§ TO DO
Starting with the line that contains "Chemical structure of" and stopping after the line that contains "Custom Face Happy", return each line below exactly as written, with no others.

§ SUPPLIED MATERIAL
■ ■ ■

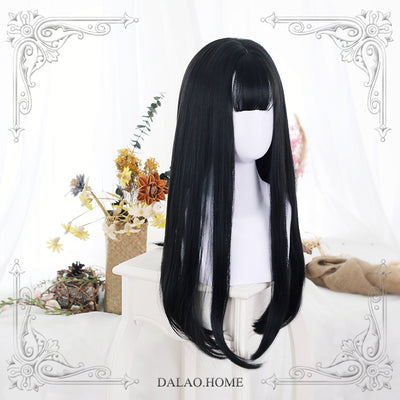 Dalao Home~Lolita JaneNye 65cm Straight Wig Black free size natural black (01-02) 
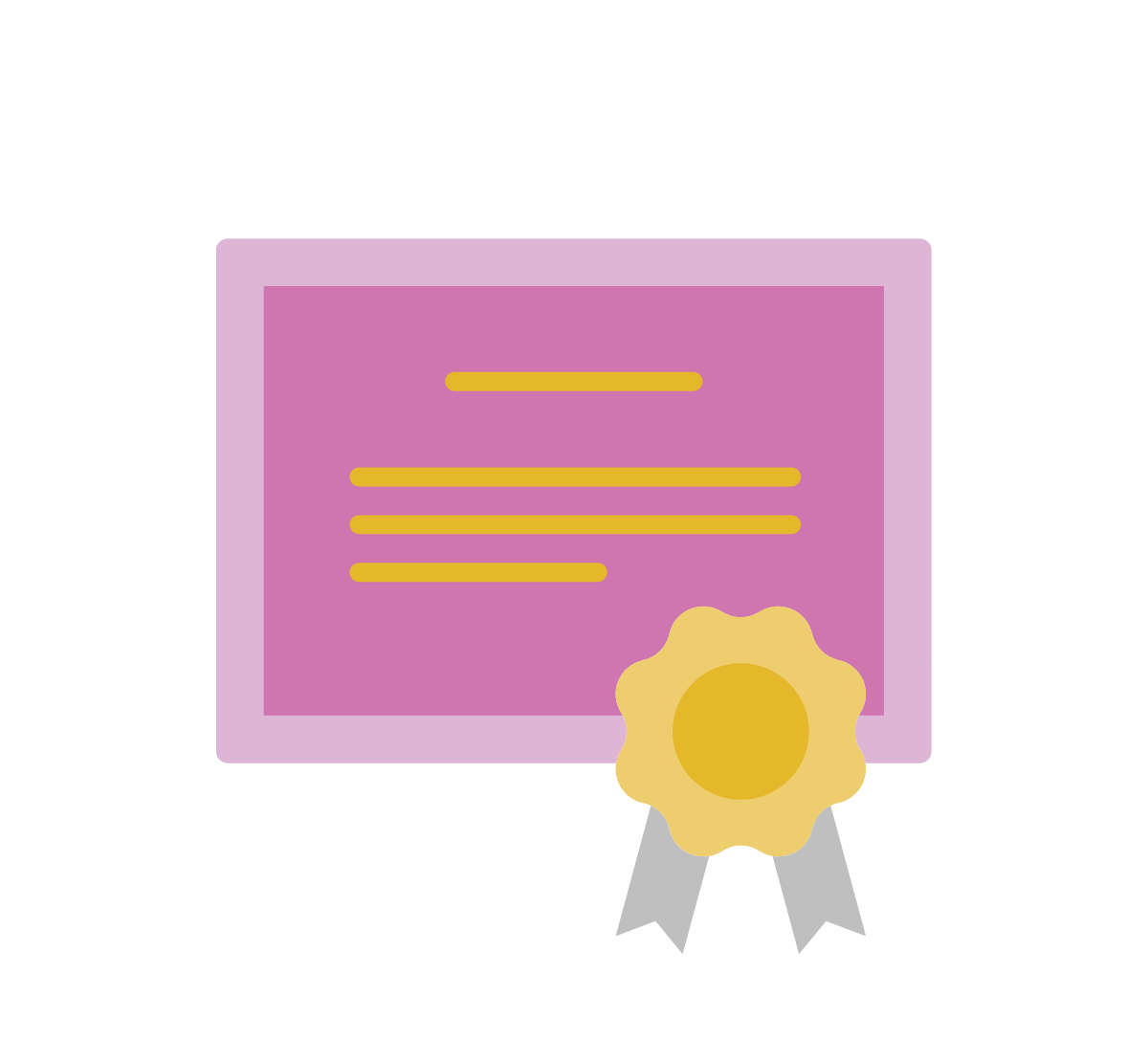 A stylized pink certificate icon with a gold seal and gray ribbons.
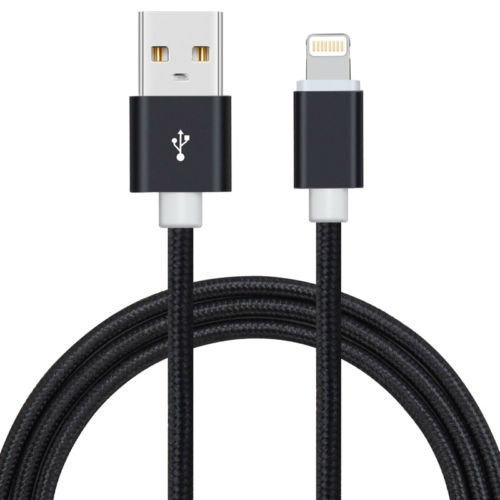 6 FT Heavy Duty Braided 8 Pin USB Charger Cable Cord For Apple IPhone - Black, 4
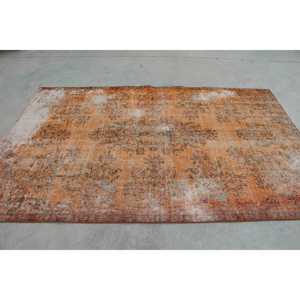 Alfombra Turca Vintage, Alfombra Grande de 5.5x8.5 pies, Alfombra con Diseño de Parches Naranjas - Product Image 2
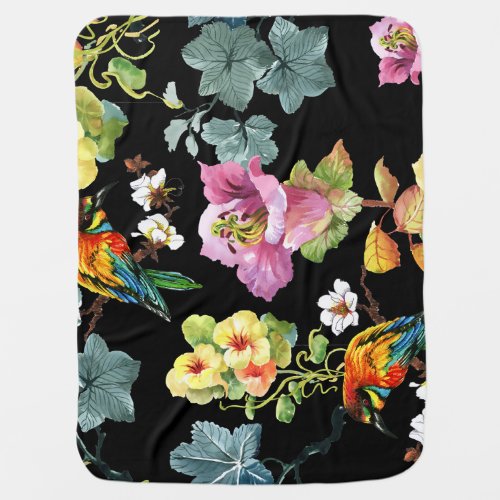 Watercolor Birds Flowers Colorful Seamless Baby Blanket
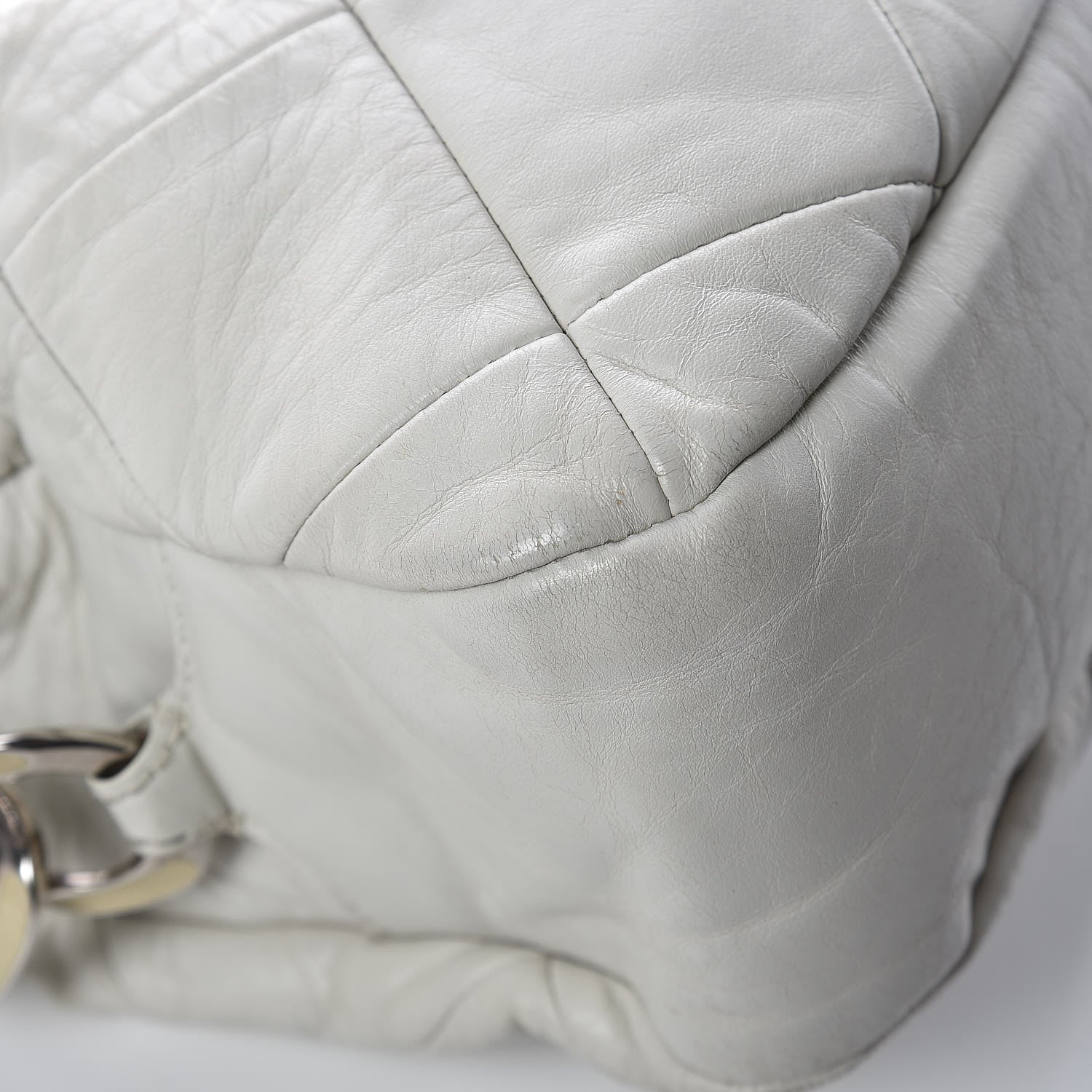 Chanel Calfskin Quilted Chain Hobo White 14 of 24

■ ■ ■

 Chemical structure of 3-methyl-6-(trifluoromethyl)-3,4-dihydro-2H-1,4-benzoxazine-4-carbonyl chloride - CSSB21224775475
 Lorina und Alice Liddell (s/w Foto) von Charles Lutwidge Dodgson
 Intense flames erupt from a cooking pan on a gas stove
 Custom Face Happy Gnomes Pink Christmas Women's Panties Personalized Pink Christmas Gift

■ ■ ■

§ EXPECTED OUTPUT
 Chemical structure of 3-methyl-6-(trifluoromethyl)-3,4-dihydro-2H-1,4-benzoxazine-4-carbonyl chloride - CSSB21224775475
 Lorina und Alice Liddell (s/w Foto) von Charles Lutwidge Dodgson
 Intense flames erupt from a cooking pan on a gas stove
 Custom Face Happy Gnomes Pink Christmas Women's Panties Personalized Pink Christmas Gift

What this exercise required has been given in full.